Tabii işin bir başka yönü de şu: Ülkemizde giderek yaygınlaşan habercilik anlayışı sonucu, yaşanan olaylar ne kadar ağır ve ciddi olursa olsun her şeye magazin gözlüğü ile bakar olduk. Taleplerimiz, tepkilerimiz, arayışlarımız hep ‘gündelik’ çözümler için. Örneğin şike olaylarını protesto için değil, şike olaylarında göz altına alınanları desteklemek için gösteriler yapılıyor. Üstelik hatırı sayılır kalabalıklar toplanıyor.
Bu insanlar; üniversite giriş sınavlarındaki rezaletlerin, her gün geleceğimizi ipotek altına alma tehdidi ile tehlikeli bir şekilde artan cari açığın, demokratik hak gasplarının, ayın ortasını bile getiremeyen emeklilerin, giderek artan işsizliğin, kadın cinayetleri, çocuk sömürülerinin yaşandığı ülkemizin insanları. Ve direndikleri, ayağa kalktıkları, haklarını aradıkları tek olay ‘futbol takımları’. İlginç değil mi?  

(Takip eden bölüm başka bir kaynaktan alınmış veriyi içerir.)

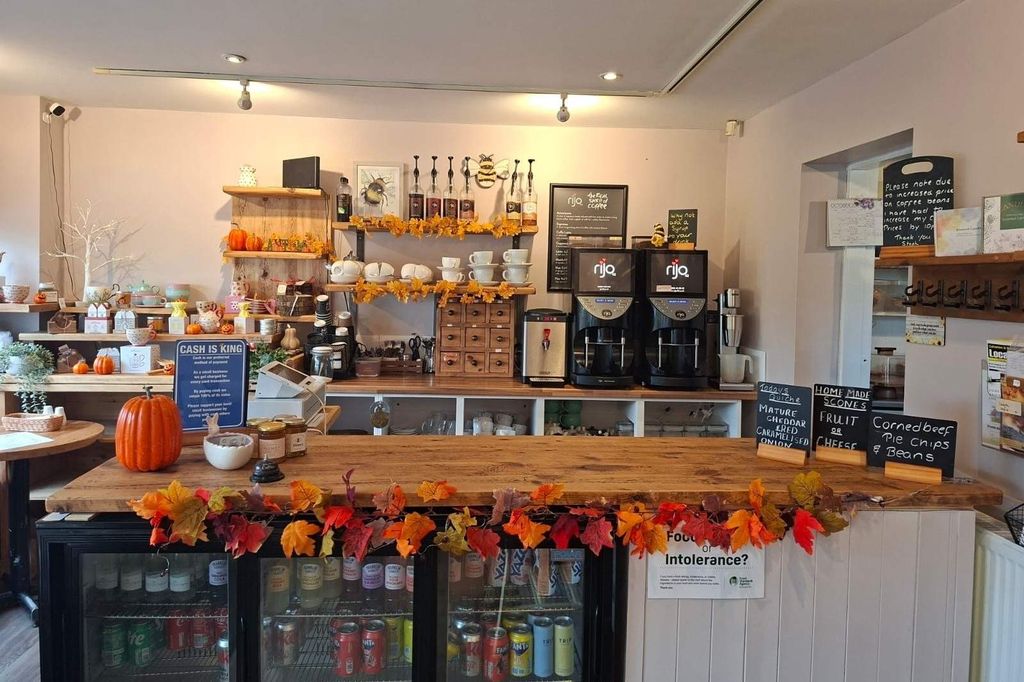 Property photo 2 of 7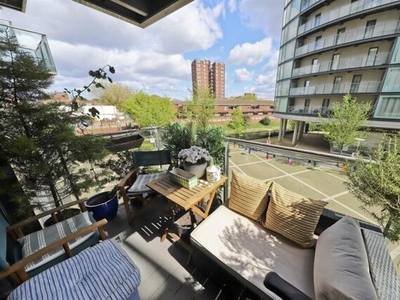 2 Bedroom Apartment For Sale In Hayes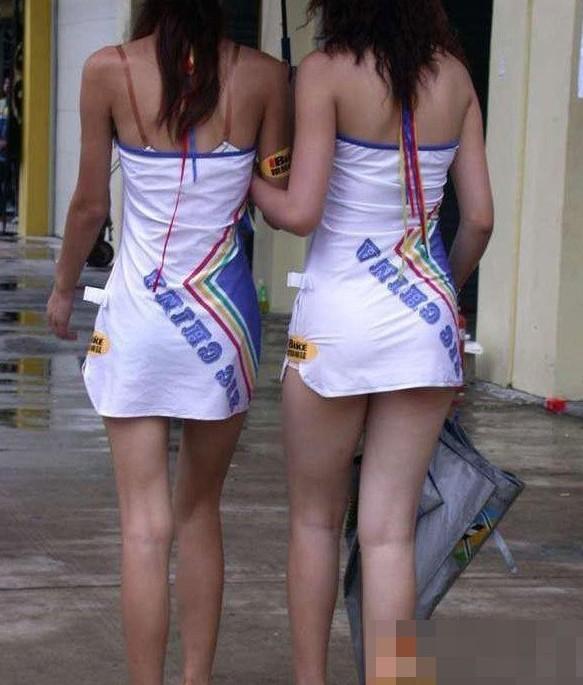 大膽開(kāi)放女車(chē)模 穿得太露骨了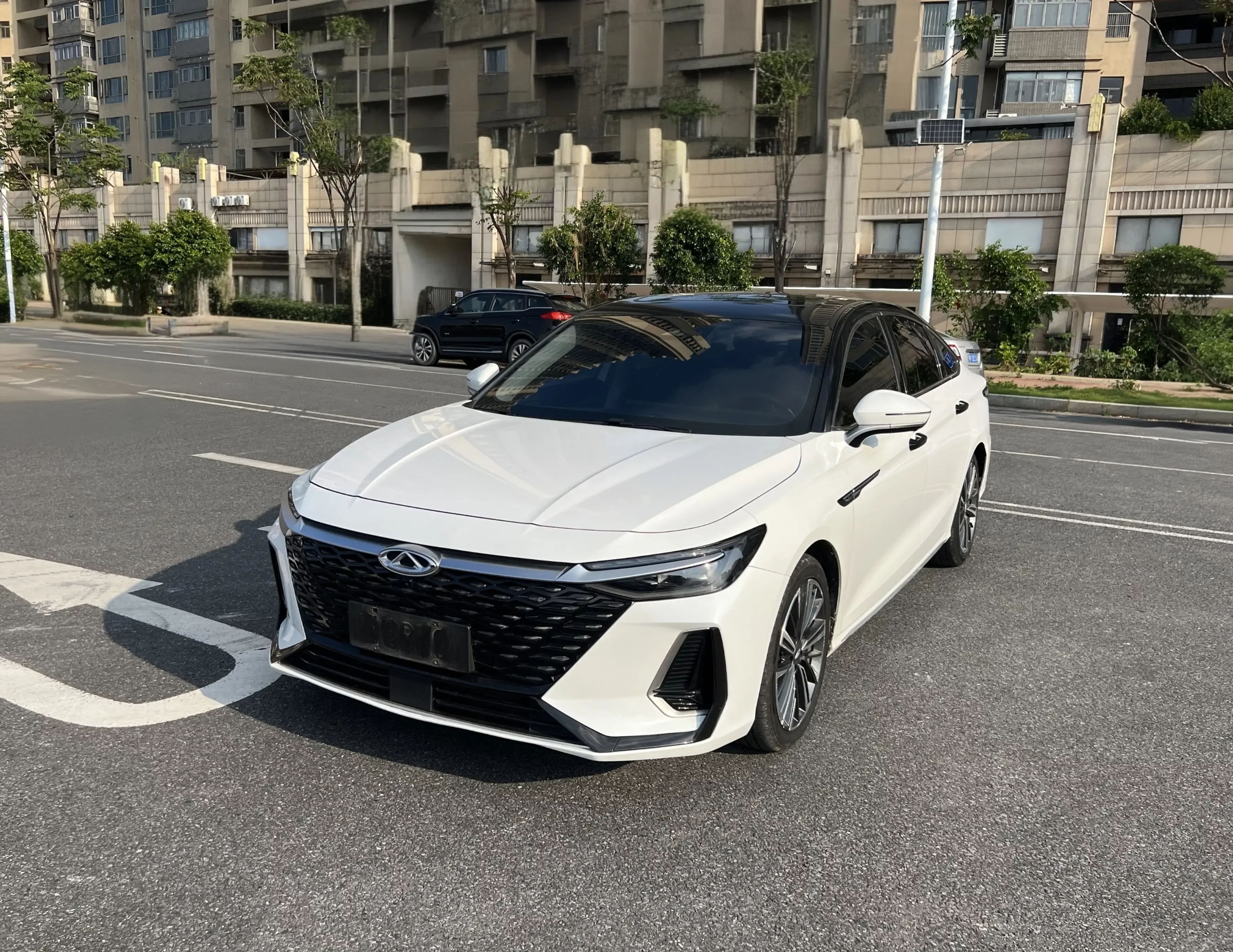 Chery Arrizo 8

Bilgi için dip not: Sporun öğrenilip aktif olarak ve verimli yapılacağı yıl aralığı olan
10-29 yaş arası 27 milyon gencimiz var. Ülkemizde en yaygın spor olan futbolda lisanslı sporcu sayısı 260 bin. Bunlardan 4 bini profesyonel. Yani; her zaman gündemde olan ve büyük paralarla transfer olan sınırlı sayıda futbolcunun dışında kalan sadece 4000 gencimiz iyi-kötü para kazanıp hayatını futbolla sürdürüyor. 27 milyonda 4 bin. Yukarıdaki ağa yakalanmak ne kadar kolay değil mi?